Required work
Give back exactly the lines of the material below, starting with the line with "Remember, we want" and going on through the line with "We'll begin by".

Extracted data
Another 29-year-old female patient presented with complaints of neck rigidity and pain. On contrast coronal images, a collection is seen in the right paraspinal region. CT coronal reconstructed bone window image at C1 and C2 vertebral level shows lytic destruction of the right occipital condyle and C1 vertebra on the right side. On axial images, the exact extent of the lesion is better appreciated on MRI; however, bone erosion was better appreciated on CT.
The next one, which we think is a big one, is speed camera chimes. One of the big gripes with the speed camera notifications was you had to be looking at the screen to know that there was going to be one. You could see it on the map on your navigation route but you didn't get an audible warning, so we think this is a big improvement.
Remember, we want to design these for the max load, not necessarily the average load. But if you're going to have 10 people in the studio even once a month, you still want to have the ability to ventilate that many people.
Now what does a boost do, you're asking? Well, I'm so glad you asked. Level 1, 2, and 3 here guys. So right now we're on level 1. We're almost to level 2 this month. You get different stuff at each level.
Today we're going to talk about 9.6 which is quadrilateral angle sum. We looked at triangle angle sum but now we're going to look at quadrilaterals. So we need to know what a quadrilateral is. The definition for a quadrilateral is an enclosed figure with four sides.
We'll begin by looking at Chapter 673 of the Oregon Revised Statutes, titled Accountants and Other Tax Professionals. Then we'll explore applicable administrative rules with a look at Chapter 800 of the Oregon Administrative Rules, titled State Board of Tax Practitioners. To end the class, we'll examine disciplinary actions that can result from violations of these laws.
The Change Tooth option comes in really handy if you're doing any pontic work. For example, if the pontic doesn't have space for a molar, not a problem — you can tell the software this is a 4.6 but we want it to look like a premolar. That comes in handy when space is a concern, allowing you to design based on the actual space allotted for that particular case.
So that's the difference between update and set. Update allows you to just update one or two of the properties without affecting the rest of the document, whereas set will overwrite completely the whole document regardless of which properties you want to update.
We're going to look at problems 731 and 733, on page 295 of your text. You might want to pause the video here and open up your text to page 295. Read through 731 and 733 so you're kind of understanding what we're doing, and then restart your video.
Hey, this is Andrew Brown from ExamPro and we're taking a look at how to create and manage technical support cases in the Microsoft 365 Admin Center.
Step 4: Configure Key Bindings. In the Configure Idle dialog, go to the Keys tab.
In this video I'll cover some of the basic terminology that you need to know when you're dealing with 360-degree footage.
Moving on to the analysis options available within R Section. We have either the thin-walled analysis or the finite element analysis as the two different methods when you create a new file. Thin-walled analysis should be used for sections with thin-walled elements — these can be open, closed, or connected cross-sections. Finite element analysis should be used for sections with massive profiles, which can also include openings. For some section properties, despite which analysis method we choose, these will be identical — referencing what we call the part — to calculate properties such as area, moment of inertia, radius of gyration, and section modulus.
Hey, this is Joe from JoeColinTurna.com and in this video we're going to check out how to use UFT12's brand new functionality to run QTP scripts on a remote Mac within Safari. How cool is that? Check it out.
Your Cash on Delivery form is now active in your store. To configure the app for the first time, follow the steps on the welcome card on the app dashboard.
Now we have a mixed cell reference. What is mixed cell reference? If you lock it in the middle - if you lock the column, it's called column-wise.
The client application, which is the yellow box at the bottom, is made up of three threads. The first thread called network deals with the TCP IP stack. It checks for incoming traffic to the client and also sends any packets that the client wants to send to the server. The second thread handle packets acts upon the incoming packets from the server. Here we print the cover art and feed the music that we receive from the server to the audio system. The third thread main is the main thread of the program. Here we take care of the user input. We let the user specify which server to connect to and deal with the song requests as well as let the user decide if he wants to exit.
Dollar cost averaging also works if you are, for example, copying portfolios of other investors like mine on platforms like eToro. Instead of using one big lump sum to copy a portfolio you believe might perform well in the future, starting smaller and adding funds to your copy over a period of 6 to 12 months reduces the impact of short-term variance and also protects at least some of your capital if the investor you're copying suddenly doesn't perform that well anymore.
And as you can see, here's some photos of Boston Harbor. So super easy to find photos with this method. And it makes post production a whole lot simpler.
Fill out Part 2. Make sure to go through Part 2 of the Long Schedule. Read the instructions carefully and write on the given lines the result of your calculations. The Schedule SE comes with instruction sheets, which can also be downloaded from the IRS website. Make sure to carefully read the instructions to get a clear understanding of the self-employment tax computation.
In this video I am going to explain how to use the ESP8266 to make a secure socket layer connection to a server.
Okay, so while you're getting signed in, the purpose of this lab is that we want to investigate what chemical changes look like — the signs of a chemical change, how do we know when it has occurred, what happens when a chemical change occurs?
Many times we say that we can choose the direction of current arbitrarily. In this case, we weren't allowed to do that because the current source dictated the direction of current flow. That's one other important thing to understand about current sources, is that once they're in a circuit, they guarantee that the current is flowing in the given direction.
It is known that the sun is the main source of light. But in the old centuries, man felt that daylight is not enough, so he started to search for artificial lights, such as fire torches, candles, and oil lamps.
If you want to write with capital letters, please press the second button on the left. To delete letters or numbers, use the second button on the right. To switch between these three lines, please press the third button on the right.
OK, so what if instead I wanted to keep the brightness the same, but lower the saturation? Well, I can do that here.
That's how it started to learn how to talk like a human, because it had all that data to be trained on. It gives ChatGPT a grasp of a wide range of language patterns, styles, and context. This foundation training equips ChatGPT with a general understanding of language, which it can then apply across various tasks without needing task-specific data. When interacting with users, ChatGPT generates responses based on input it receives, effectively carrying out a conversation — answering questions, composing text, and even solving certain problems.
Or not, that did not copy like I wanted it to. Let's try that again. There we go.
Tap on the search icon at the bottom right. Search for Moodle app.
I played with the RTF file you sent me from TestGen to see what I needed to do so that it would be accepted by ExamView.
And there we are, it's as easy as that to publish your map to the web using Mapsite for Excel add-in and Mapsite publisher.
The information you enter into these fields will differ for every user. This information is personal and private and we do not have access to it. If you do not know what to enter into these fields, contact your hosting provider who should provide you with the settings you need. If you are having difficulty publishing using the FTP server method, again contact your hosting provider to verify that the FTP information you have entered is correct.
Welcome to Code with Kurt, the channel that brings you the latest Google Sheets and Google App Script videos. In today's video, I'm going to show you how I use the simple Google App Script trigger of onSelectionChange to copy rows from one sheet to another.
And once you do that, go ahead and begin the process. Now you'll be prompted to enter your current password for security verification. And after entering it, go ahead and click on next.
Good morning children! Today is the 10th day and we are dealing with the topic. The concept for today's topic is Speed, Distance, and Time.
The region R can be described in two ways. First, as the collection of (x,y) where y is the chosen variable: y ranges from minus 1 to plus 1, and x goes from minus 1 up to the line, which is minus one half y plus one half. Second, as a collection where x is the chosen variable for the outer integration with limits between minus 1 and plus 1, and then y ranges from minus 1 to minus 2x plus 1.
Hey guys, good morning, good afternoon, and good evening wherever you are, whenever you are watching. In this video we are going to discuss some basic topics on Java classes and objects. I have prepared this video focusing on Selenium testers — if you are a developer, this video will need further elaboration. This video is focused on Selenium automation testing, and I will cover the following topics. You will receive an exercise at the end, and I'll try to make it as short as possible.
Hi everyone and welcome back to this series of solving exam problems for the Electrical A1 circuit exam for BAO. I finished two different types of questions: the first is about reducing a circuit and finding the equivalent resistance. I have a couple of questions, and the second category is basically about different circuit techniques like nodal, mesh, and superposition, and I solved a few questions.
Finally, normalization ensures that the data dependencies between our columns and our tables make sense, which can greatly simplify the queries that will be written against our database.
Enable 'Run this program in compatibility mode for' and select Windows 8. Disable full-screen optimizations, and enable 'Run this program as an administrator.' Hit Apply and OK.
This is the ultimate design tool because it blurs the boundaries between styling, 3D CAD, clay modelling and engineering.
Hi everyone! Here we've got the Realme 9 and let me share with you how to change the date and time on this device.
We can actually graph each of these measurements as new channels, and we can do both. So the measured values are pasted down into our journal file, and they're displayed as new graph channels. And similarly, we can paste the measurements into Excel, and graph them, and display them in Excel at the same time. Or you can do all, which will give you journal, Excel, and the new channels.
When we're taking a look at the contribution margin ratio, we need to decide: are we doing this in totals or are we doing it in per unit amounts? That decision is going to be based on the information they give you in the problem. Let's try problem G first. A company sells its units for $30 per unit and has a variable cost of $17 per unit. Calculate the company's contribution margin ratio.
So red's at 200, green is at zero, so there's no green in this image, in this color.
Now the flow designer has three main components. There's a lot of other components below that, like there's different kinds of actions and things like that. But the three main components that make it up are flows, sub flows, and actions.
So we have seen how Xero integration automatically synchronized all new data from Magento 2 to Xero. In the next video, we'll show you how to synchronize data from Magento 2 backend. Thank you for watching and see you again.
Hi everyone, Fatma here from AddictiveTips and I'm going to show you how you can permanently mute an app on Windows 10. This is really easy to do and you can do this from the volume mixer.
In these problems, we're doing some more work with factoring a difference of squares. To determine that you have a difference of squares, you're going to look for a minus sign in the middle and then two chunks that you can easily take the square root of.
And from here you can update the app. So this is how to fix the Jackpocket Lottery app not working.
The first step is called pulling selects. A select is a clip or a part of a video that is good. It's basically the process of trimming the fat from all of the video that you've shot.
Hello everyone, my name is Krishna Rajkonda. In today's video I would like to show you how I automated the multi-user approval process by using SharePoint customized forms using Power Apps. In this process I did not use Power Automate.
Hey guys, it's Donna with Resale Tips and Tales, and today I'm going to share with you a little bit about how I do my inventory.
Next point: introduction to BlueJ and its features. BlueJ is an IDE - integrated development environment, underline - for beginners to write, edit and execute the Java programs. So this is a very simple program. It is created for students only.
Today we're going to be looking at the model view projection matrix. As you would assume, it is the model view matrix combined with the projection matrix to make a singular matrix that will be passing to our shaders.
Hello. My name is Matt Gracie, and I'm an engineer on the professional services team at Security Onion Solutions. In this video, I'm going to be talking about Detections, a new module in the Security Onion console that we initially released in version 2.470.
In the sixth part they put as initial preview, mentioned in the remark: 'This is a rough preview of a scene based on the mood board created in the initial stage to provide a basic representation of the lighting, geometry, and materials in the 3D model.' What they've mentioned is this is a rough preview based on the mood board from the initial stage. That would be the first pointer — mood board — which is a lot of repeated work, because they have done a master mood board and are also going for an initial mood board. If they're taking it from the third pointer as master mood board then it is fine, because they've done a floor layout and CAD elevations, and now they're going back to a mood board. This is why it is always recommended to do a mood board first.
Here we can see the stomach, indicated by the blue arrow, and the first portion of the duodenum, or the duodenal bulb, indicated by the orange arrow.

Reply to the task
Remember, we want to design these for the max load, not necessarily the average load. But if you're going to have 10 people in the studio even once a month, you still want to have the ability to ventilate that many people.
Now what does a boost do, you're asking? Well, I'm so glad you asked. Level 1, 2, and 3 here guys. So right now we're on level 1. We're almost to level 2 this month. You get different stuff at each level.
Today we're going to talk about 9.6 which is quadrilateral angle sum. We looked at triangle angle sum but now we're going to look at quadrilaterals. So we need to know what a quadrilateral is. The definition for a quadrilateral is an enclosed figure with four sides.
We'll begin by looking at Chapter 673 of the Oregon Revised Statutes, titled Accountants and Other Tax Professionals. Then we'll explore applicable administrative rules with a look at Chapter 800 of the Oregon Administrative Rules, titled State Board of Tax Practitioners. To end the class, we'll examine disciplinary actions that can result from violations of these laws.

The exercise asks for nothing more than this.